Die Idee, diesen Post als allgemeinen Thread zu unserem BAZI zu starten, finde ich super - gerne kann ich hier bei Fragen mit Rat und Tat zur Seite stehen.

@Ivenl 
Tatsächlich ist das Thema leichte Schaltung bei einem 18 oder 20 Zoll Bike kein ganz einfaches Thema. Wir haben lange nach der in unseren Augen geeignetsten Schaltung gesucht. Wichtig waren uns dabei folgende Aspekte:

kurzes Schaltwerk
lieber wenige und dafür sinnvoll abgestufte Gänge anstelle von 11- oder 12-fach Schaltung, die die Kids wahrscheinlich überfordern würde
geringes Gewicht
vernünftiges Preis-Leistungs-Verhältnis
Nach Berücksichtigung aller oben beschriebenen Punkte haben wir in der Schaltgruppe Sora das beste Gesamtpaket gefunden. Von Sparen kann übrigens nicht die Rede sein - die Schaltung ist sehr wertig verarbeitet, die Schaltvorgänge sind knackig und definiert. 

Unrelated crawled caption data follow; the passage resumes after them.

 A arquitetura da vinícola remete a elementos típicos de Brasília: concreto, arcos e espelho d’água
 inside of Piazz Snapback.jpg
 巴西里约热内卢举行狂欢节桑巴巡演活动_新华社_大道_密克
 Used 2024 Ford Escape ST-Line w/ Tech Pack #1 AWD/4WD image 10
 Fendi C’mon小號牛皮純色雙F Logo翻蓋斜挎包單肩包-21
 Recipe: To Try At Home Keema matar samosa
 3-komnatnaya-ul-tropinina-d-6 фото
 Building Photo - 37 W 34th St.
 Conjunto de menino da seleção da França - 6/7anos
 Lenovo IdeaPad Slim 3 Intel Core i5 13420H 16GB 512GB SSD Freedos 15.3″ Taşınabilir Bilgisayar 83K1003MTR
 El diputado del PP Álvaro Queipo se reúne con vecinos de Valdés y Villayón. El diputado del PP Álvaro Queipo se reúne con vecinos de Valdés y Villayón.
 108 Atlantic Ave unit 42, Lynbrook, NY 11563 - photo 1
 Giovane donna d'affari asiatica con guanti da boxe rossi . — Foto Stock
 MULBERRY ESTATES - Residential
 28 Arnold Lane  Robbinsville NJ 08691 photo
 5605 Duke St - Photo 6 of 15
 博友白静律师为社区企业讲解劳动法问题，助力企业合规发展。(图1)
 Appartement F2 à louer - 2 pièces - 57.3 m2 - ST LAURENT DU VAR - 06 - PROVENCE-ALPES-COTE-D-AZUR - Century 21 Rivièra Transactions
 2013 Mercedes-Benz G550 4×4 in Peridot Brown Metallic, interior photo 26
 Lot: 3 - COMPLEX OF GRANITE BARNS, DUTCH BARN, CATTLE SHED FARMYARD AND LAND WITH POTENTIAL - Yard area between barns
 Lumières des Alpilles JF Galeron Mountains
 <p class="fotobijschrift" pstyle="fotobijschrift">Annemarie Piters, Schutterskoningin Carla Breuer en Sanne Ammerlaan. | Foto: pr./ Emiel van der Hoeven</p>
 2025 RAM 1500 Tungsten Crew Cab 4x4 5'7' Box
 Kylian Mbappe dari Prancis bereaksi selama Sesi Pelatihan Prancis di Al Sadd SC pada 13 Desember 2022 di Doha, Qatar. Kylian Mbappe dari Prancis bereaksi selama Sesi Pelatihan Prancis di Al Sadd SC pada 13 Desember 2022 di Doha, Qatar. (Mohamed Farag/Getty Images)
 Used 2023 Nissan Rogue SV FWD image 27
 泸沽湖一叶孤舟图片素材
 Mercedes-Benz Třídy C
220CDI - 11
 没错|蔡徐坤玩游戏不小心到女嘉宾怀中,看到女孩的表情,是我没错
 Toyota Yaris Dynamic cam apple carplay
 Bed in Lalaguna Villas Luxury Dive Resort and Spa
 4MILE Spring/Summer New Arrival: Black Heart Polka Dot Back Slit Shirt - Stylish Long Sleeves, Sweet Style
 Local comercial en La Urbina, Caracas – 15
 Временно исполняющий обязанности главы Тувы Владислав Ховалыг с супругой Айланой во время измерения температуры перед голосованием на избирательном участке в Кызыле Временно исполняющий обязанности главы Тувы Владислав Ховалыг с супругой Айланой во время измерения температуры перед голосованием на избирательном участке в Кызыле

Für konstruktive Verbesserungsvorschläge haben wir grundsätzlich aber immer ein offenes Ohr 👍


----------



## Colt__Seavers (27. Mai 2021)

gigo schrieb:


> @HaegarHH
> Vielen Dank für deinen tollen Bericht, da steigt mir ja fast die Schamesröte ins Gesicht... 🤗
> 
> Die Idee, diesen Post als allgemeinen Thread zu unserem BAZI zu starten, finde ich super - gerne kann ich hier bei Fragen mit Rat und Tat zur Seite stehen.
> ...


Immer stark wenn der Chef höchstpersönlich sich hier einbringt! Danke schon mal!


----------



## Binem (27. Mai 2021)

gigo schrieb:


> @HaegarHH
> Vielen Dank für deinen tollen Bericht, da steigt mir ja fast die Schamesröte ins Gesicht... 🤗
> 
> Die Idee, diesen Post als allgemeinen Thread zu unserem BAZI zu starten, finde ich super - gerne kann ich hier bei Fragen mit Rat und Tat zur Seite stehen.
> ...


Das ganze wünsche ich mir jetzt noch für meine Jungs mit einer Körpergröße von 150cm  🙈


----------



## gigo (27. Mai 2021)

Binem schrieb:


> Das ganze wünsche ich mir jetzt noch für meine Jungs mit einer Körpergröße von 150cm  🙈


Ist schon in der Mache ;-)


----------



## Krabbenkoenig (27. Mai 2021)

gigo schrieb:


> @Ivenl
> Tatsächlich ist das Thema leichte Schaltung bei einem 18 oder 20 Zoll Bike kein ganz einfaches Thema. Wir haben lange nach der in unseren Augen geeignetsten Schaltung gesucht. Wichtig waren uns dabei folgende Aspekte:
> 
> kurzes Schaltwerk
> ...



Habt ihr euch mal die Shimano Zee angesehen?
Die habe ich beim 20" Canyon meiner Tochter verbaut und finde sie eigentlich recht gut gemacht und wirkt recht unverwüstlich (wahrscheinlich auch dem Einsatzzweck geschuldet) und das wichtigste: sie scheint für Kinder von den betätigungskräften echt gut zu passen.


----------



## Ivenl (27. Mai 2021)

Ich habe bisher immer 11-fach drin, hätte aber auch an die Downhill Schaltwerke gedacht, wahrscheinlich habe ich aber als Rennrad Fahrer auch zu viele Vorurteile gegen Sora.
Mehr fällt mir zur Verbesserung auch nicht ein, ich baue zwar persönlich deutlich mehr Carbon ein, aber für nen professionellen Vertrieb finde ich eure Zusammenstellung Preis/ leistungs technisch super.


----------



## MTB-News.de




----------



## Albschrat (27. Mai 2021)

Tolles Bike  und schön umgesetzt. Leider sind meine Lütten mit 135 schon zu groß für sowas...


----------



## Vogward (7. Juni 2021)

Hi @gigo ,

Kannst du zur aktuellen Lieferzeit etwas sagen, wenn ich diese Woche bestelle?
Bevor ich meinem Großen jeden Tag erklären muss wie lange ungefähr einige Monate ist, frage ich lieber hier nach 🙂

Danke und Gruß,

Christian


----------



## HaegarHH (12. Juni 2021)

Leider habe ich gerade viel zu viel um die Ohren, da versuche ich mehr mit Ihr und dem Bazi unterwegs zu sein, als auch noch Pflege der Threads hier im Forum zu betreiben 

Vorletztes Wochenende ging es zu dem nächstgelegenen hiesigen Trailgelände und für norddeutsche Tiefebene ist das schon fein  und zumindest SO, dass ich die beiden Jungs (10 / 7) alleine loslassen kann um mich um den Nachwuchs zu kümmern.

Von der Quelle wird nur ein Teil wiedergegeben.